Langit yang Berwarna dan Teman Kecil yang Tersingkir
1982. Ketika itu saya masih kelas 2 SD, tinggal di kota kecil yang nyaman. Keluarga saya berasal dari kalangan pedagang sehingga memilih lokasi tempat tinggal strategis dekat pasar, kawasan pusat pertokoan dan ruang-ruang transaksi yang umumnya ditempati oleh komunitas Tionghoa dan komunitas kecil Arab. Walau sudah tinggal lebih dari 3 generasi tetapi ada hal-hal yang mewarnai interaksi kami sebagai kawan sepermainan yang harmonis dan menyenangkan. Seakan langit penuh dengan warna menghiasi masa kecil kami setiap hari. Suatu malam rumah kami terus menerus bergetar, suara langit-langit berderit semakin keras dan semua lampu gantung bergoyang teratur namun menakutkan karena bumi ternyata berguncang Saya tidak bisa tidur semalaman. Ayah beserta orang rumah tampak berbicara serius. Saya kurang paham apa yang sedang terjadi, tapi sepertinya bumi tidak lagi nyaman untuk dipijaki. Pagi hari ketika membuka jendela, saya baru tersadar langit tidak lagi berwarna biru tetapi gelap kelabu kemerahan seperti sedang terbakar. Orang berlarian dengan lampu senter di tangan karena siang bukannya semakin benderang tapi semakin menggelap. Jalanan menebal tertutup hujan abu, setiap langkah meninggalkan jejak membuat saya tergetar ketika menyadari seluruh permukaan kota berubah warna menjadi abu-abu tertutup butiran debu. Pengeras suara masjid tidak lagi mengumandangkan suara adzan tapi berisi peringatan-peringatan. Volume radio di meja kerja ayah saya diputar 2 tingkat lebih keras dari biasanya agar kami sekeluarga mendapatkan informasi akurat dan terkini, apa yang sedang terjadi, untuk segera menentukan apa yang harus kami lakukan. Saya semakin kalut, inikah kiamat akhir dari seluruh kehidupan di bumi yang sering disebutkan oleh guru ngaji? Bergegas saya naik ke puncak genteng ingin melihat langit dan bumi yang tampak semrawut hari itu. Di kejauhan terlihat awan bergulung-gulung seperti cendawan raksasa, terdengar dentuman suara menggelegar yang belum pernah saya dengar sebelumnya. Kilatan petir dan pijar api membuat saya tergetar antara kagum dan ngeri. Galunggung meletus! Di kemudian hari saya baru tahu bahwa letusan Galunggung yang ketiga kalinya ini- terhitung sejak tahun 1822- termasuk salah satu yang paling besar dalam sejarah manusia modern.

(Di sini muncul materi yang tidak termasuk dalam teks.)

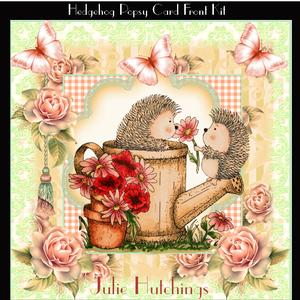 Hedgehog Popsy Card Front Kit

Selama 9 bulan saya harus berhadapan dengan segala persoalan akibat bencana ini. Sekolah ditutup, setiap keluar rumah harus memakai masker, transaksi ekonomi terhenti, kegiatan pasar terganggu, raut panik tampak dimana-mana khawatir kondisi sanak famili yang tinggal jauh di desa dan mobilisasi ribuan pengungsi menjadi berita sehari-hari. Setelah letusan mereda, curahan lahar dan tumpukan pasir telah mengubah peta wilayah, akibat sungai yang terputus dan lapisan lahar serta pasir yang mengubur desa-desa di sekitarnya. Hampir setiap ada kesempatan saya selalu kembali naik ke atas genteng, namun kali ini sepertinya saya sedang kurang beruntung, permukaan lantai tempat saya berpijak yang hanya berukuran kurang dari 15 cm tertutup pasir licin. Saya tergelincir dan jatuh dari ketinggian 4 meter, pingsan dan kehilangan kemampuan berbicara untuk beberapa saat. Galunggung bukan hanya membuat kota saya mati suri, tapi saya benar-benar KO oleh ‘pukulannya’. Alam dengan mudah dapat memukul kehidupan manusia dengan sangat keras. Walau bagi bumi, letusan gunung berapi hanyalah sebuah bisikan kecil yang keluar dari ‘mulutnya’.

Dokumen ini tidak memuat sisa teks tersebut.